それは人の言葉を話す魔物は、狡猾で厄介だということだった。
「人間に化けられるようになったから、試しに人里まで来てみたんだがな……。一瞬でドラゴンだと見破られるわ、斬りかかられるわでロクなことがない……」
ドラゴンはさらに質問を重ねた。
「そうだ少年、どうして人間は私がドラゴンだと分かるんだ? やはり魔法か?」
その質問にはデシールでも答えることができた。
「それ」
「ん……? どれだ?」
「人間に角はないから。あと尻尾もない」
「そ、そうなのか……」
「あははは、変なの」
実はデシールはかなり緊張していた。しかし人に化けきれていなかったことを恥ずかしがるドラゴンを見て、少し気が抜けた。
「笑うな人間、勉強不足だったのは認めるが……」
初対面でもなんだか気軽に話せる相手というのが時々いる。
デシールとこのドラゴンは、お互いにそういう親近感みたいなものを感じていた。
「少年、君の名前はなんと言う」
「デシール」
「年は?」
「13」
「若いな……」
「お姉さんの名前は?」
「お姉さん? ああ、私のことか。うーん……アニスだな……アニスと呼んでくれ」
「分かったよアニス」
「ところでさっき言っていた、師匠になって欲しいとはどういうことだ?」
「えっと、僕に戦いを教えて欲しいんだ」
「ふむ……この少年と一緒に居れば、人間のことも少し分かるかもしれない……」
アニスは数秒考えた後、デシールに言った。
「いいだろう。
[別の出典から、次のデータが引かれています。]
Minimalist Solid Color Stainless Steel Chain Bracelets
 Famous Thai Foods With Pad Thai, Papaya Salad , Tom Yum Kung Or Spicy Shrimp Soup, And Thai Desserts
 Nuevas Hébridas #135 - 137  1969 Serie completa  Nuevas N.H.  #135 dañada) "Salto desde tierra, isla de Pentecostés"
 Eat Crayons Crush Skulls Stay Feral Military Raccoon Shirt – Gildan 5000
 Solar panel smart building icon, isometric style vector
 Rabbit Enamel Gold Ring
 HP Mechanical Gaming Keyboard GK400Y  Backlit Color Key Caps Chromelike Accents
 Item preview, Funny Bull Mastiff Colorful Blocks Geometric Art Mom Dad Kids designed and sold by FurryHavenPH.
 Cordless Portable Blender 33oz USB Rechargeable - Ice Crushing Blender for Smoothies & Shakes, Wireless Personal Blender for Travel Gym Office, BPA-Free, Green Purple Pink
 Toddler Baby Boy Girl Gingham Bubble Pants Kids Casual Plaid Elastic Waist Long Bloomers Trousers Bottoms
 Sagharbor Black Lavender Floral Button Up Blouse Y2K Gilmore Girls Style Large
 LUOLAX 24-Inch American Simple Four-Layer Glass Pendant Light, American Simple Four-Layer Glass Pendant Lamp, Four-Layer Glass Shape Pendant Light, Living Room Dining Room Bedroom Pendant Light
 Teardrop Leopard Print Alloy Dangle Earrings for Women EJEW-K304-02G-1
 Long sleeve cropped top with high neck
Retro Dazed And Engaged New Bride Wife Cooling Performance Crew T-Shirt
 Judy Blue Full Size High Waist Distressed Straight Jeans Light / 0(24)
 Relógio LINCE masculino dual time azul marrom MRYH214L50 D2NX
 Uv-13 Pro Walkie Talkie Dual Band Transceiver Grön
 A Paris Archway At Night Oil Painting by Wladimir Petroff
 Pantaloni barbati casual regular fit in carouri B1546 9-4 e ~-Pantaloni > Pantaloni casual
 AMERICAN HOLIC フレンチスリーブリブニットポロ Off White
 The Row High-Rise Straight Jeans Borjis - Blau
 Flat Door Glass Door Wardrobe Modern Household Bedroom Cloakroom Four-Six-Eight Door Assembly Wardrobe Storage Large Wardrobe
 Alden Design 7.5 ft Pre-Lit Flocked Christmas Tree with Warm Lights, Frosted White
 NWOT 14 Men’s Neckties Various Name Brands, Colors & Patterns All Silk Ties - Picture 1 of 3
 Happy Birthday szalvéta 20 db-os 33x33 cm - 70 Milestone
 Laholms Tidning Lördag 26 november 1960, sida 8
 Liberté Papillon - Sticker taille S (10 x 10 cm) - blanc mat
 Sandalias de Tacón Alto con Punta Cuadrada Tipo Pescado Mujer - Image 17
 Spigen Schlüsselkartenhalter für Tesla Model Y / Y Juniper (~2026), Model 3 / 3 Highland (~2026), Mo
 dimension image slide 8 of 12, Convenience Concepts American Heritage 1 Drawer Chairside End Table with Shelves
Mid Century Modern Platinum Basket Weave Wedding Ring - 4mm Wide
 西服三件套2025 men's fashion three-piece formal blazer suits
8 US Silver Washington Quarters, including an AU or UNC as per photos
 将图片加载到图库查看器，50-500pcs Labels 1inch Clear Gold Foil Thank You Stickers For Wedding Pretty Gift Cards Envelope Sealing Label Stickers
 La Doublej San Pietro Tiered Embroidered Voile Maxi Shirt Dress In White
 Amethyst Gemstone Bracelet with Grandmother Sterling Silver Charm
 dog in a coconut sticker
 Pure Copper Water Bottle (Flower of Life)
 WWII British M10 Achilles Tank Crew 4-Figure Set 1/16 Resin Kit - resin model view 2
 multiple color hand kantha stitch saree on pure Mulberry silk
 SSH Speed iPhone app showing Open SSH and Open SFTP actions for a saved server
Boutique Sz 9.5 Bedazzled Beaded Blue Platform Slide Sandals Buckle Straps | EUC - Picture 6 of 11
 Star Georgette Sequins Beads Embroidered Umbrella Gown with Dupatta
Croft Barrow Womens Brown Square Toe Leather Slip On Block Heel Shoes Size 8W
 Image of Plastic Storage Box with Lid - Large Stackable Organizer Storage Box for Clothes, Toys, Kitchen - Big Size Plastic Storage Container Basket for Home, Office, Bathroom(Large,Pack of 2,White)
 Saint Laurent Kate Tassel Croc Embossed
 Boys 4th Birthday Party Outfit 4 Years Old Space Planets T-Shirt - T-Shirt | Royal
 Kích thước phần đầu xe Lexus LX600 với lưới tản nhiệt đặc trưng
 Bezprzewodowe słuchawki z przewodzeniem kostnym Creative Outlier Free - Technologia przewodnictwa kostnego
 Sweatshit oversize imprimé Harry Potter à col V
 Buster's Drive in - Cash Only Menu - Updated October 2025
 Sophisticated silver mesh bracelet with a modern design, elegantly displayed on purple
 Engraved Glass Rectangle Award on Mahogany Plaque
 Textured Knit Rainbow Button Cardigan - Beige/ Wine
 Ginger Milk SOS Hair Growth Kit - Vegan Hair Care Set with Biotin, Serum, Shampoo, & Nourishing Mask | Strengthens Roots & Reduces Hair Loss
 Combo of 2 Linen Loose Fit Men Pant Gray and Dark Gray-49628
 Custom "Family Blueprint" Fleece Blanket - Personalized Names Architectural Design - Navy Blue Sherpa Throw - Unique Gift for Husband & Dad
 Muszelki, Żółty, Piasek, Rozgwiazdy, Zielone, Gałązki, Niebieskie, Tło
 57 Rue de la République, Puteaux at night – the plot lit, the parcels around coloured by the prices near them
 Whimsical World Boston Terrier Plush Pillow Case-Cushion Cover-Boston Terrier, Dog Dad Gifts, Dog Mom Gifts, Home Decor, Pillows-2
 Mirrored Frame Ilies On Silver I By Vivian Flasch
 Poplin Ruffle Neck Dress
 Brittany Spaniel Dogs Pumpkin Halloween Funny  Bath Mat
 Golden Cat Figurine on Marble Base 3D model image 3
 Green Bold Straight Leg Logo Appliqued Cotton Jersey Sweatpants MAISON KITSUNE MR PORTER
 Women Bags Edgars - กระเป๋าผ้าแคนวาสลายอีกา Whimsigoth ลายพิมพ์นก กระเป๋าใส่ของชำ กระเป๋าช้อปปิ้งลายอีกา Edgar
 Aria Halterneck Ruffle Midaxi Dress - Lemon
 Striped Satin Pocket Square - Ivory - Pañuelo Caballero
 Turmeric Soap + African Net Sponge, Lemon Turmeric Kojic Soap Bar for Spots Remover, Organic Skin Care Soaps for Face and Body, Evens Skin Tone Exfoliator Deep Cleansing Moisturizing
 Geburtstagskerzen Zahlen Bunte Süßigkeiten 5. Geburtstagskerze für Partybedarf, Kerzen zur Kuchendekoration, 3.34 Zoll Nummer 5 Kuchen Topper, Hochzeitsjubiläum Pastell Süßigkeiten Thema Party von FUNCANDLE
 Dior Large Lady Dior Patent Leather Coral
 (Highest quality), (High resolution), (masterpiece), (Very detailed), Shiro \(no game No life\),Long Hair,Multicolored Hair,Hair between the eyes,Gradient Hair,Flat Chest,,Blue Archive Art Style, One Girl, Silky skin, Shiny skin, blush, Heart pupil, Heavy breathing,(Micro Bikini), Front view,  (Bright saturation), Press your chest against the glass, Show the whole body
師匠とやらになってやる」
「ほ、ほんと!?」
ドラゴンから戦いを教わる。これは前例がなく正しい選択かは彼には分からない。しかし師匠は強い方が良いとも考えていた。
彼女はその条件に、誰よりも当てはまっていた。
「付いて来いデシール」
「う、うん」
「そうだ。戦いたいならまずその武器を捨てろ」
「でも……大きな剣は重くて……」
「いいから捨てろ。そのおもちゃでは何も倒せない」
「でも、代わりの武器がないんだ」
「武器ならそこら中に落ちているだろう。そうだ、あれにしろ」
アニスが指を指したのは、戦士達の一人が使っていた大剣だった。
「うん。分かった」
そうして、アニスとデシールは師弟関係になった。
自分がドラゴンだと見破られる理由が判明したアニス。もうここで人間に絡む必要がなく、人里離れた山へ移動することにした。
自分より大きく重い大剣を背負い山を登る。それだけでもデシールが2年間やってきたどの修行よりも過酷だった。